ASR Engines
There are four different ASR Engines and the right one is chosen based on the asr_type
parameter.
Engines
-
ASRAsyncService
: the main engine that handles jobs and define the execution mode for transcription and diarization (post-processing is always locally done by this engine). -
ASRLiveService
: the engine that handles live streaming requests. -
ASRTranscriptionOnly
: the engine when you want to deploy a single transcription remote server. -
ASRDiarizationOnly
: the engine when you want to deploy a single diarization remote server.
Warning
The ASRTranscriptionOnly
and ASRDiarizationOnly
engines aren't meant to be used alone. They are used only when you want to deploy each service in a separate server and they will need to be used along with the ASRAsyncService
engine.
Endpoints
Each Engine has its own endpoints as described below.
ASRAsyncService
Transcription endpoints
These endpoints are the main endpoints for transcribing audio files.
/audio
[POST] - The audio endpoint for transcribing local files.
@router.post(
"", response_model=Union[AudioResponse, str], status_code=http_status.HTTP_200_OK
)
async def inference_with_audio(
background_tasks: BackgroundTasks,
offset_start: Union[float, None] = Form(None),
offset_end: Union[float, None] = Form(None),
num_speakers: int = Form(-1),
diarization: bool = Form(False),
multi_channel: bool = Form(False),
source_lang: str = Form("en"),
timestamps: str = Form("s"),
vocab: Union[List[str], None] = Form(None),
word_timestamps: bool = Form(False),
internal_vad: bool = Form(False),
repetition_penalty: float = Form(1.2),
compression_ratio_threshold: float = Form(2.4),
log_prob_threshold: float = Form(-1.0),
no_speech_threshold: float = Form(0.6),
condition_on_previous_text: bool = Form(True),
file: UploadFile = File(...),
) -> AudioResponse:
"""Inference endpoint with audio file."""
Note
The local /audio
endpoint is expecting a file
parameter and all the other parameters are optional and have default values.
/audio-url
[POST] - The audio endpoint for transcribing remote files using a URL.

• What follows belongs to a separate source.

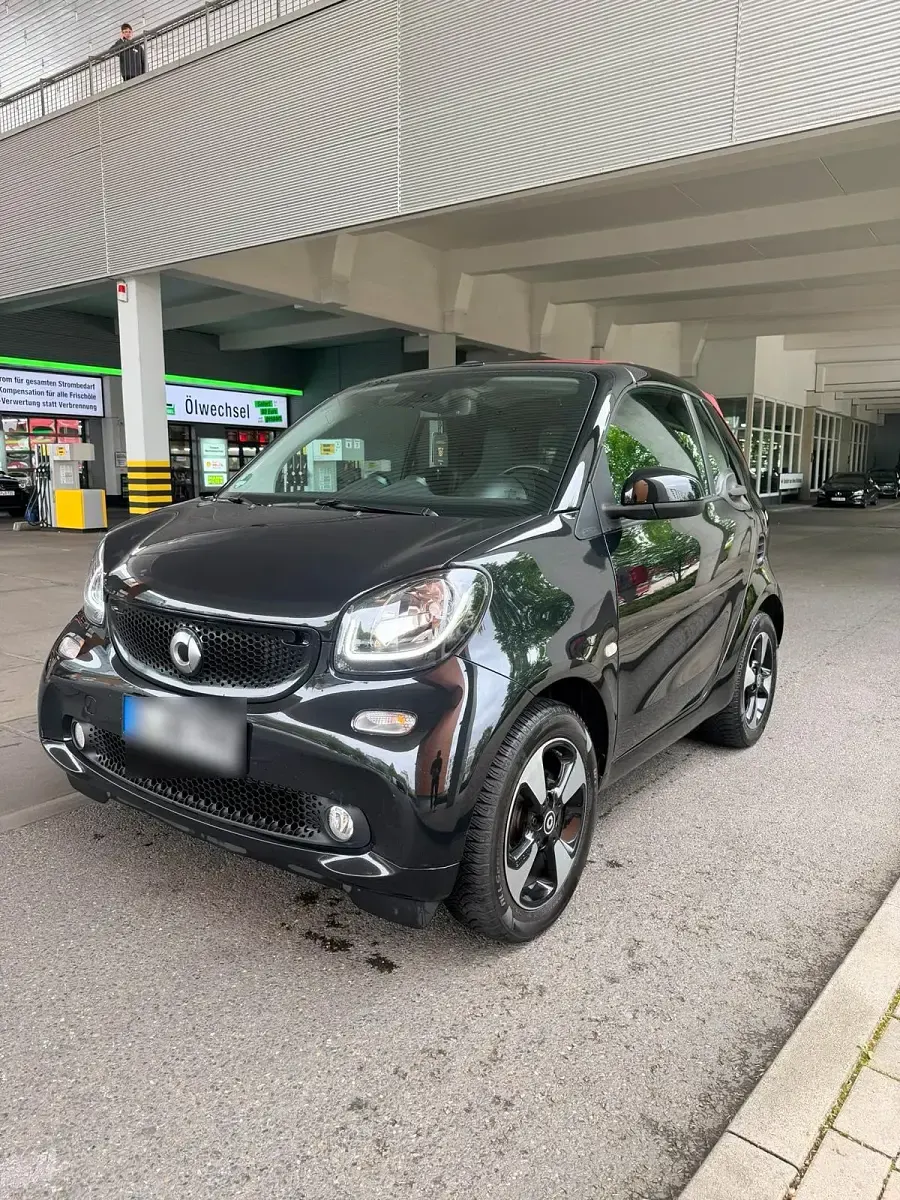 Usata Smart ForTwo Cabrio Prime 90 CV (66 kW) 2017 Nero Cabrio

@router.post("", response_model=AudioResponse, status_code=http_status.HTTP_200_OK)
async def inference_with_audio_url(
background_tasks: BackgroundTasks,
url: str,
data: Optional[AudioRequest] = None,
) -> AudioResponse:
"""Inference endpoint with audio url."""
Here is the AudioRequest
model which inherits from the BaseRequest
model:
class BaseRequest(BaseModel):
"""Base request model for the API."""
offset_start: Union[float, None] = None
offset_end: Union[float, None] = None
num_speakers: int = -1
diarization: bool = False
source_lang: str = "en"
timestamps: Timestamps = Timestamps.seconds
vocab: Union[List[str], None] = None
word_timestamps: bool = False
internal_vad: bool = False
repetition_penalty: float = 1.2
compression_ratio_threshold: float = 2.4
log_prob_threshold: float = -1.0
no_speech_threshold: float = 0.6
condition_on_previous_text: bool = True
class AudioRequest(BaseRequest):
"""Request model for the ASR audio file and url endpoint."""
multi_channel: bool = False
Here is the AudioResponse
model which inherits from the BaseResponse
model:
class BaseResponse(BaseModel):
"""Base response model, not meant to be used directly."""
utterances: List[Utterance]
audio_duration: float
offset_start: Union[float, None]
offset_end: Union[float, None]
num_speakers: int
diarization: bool
source_lang: str
timestamps: str
vocab: Union[List[str], None]
word_timestamps: bool
internal_vad: bool
repetition_penalty: float
compression_ratio_threshold: float
log_prob_threshold: float
no_speech_threshold: float
condition_on_previous_text: bool
process_times: ProcessTimes
class AudioResponse(BaseResponse):
"""Response model for the ASR audio file and url endpoint."""
multi_channel: bool
youtube
[POST] - The audio endpoint for transcribing YouTube videos using a YouTube video link.
@router.post("", response_model=YouTubeResponse, status_code=http_status.HTTP_200_OK)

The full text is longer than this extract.